1. Introduction
Light Field cameras, due to their ability of collecting 4D light field information, provide many capabilities that can never be provided by conventional cameras, such as controlling of field depth, refocusing after the fact, and changing of view points [1]. In recent years, light field cameras enjoy a variety of applications, such like light field depth map estimation [2], digital refocusing [3], 3-D image reconstruction and stereo vision matching. An important prerequisite for achieving these applications is to obtain an accurate and efficient depth estimation of light-field images. Recently, many depth estimation algorithms based on light-field images have been proposed [4]. However, these algorithms do not take spatial and angular resolution into consideration, thus having the following two limitations in the presence of depth discontinuities or occlusions.
1. The occlusion detection algorithms involved in these algorithms are sensitive to the surface texture and color of objects in some cases.
2. The accuracy of depth estimation usually depends on the distance between two focal stack images.
To overcome the aforementioned drawbacks, this work proposes an edge- preserving light-field flow estimation algorithm. Firstly, the dense optical flow field of multi-frame sub-apertures of light-field images is computed. Then, all occlusions that may occur during the computation are taken into account. Based on the geometrical features of light-field images and the correspondence among them, a robust light-field flow can be obtained, which contains the accurate depth estimation and occlusion detection. It is worth noting that linear regression is performed on multi-aperture images in our proposed algorithm. As a result, it can well handle two problems that are suffered by conventional optical flow approaches: one is the accuracy-loss during the computation of the optical flow value between two images, and the other is that the occlusion region cannot be detected correctly.
2. Related Work
Optical flow estimation, as a hot topic, has been extensively studied [5]. Most of the existing approaches are based on variational formulations and the related energy minimization. Basically, coarse-to-fine schemes are adopted in these approaches to perform the minimization. Unfortunately, such approaches suffer from the problem of error accumulation. More specifically, since the precision of minimization depends on the range of local minima and cross-scale calculations are required by coarse-to-fine schemes, errors are gradually accumulated during cross-scale calculations. Consequently, this problem leads to serious distortion of images, especially in the case of large displacements.

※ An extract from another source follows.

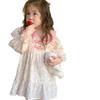 Vestido de niña francés de primavera y otoño, estilo coreano, elegante vestido de princesa para niña con flores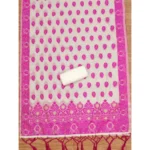 Women's Banarasi Silk Printed Unstitched Salwar Suit Material With Dupatta (Pink, 3Mtrs) - Image 2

Recently, some approaches with matching features involved are proposed. Xu et al. merged the estimated flow with matching features at each level of the coarse-to-fine scheme [6]. A penalization of the difference between the optical flow and HOG matches is added to the energy by Brox and Malik [7]. Weinzaepfel et al. replaced the HOG matches by an approach based on similarities of non-rigid patches: DeepMatching [8]. Braux-Zin et al. used segment features in addition to key points matching [9]. As mentioned before, these approaches rely on coarse-to-fine schemes and thus some defects cannot be eliminated. In particular, it could happen that some details will lost after scaling up an image. Besides, it is difficult to distinguish a target object from the background when they have similar textures.
In this paper, we propose a novel optical flow calculation algorithm, where the edge preserving technique is adopted. The existing algorithms generally do not consider the edge parts of the target image, while ours does. Note that it is difficult to do the depth estimation and occlusion detection without considering the edge parts. Besides, the conventional algorithms fail to accurately estimates the model of the optical flow field when there are occluded areas during imaging. In addition, the conventional algorithms can hardly guarantee the integrity of the edge parts, which leads to the blurring of the moving boundary and thus affects the estimation of the whole depth map. For example, the results of depth estimation and occlusion detection obtained by the algorithm proposed by Wang et al. [10] are shown in Figure 1. It can be seen that the edge parts are not well handled.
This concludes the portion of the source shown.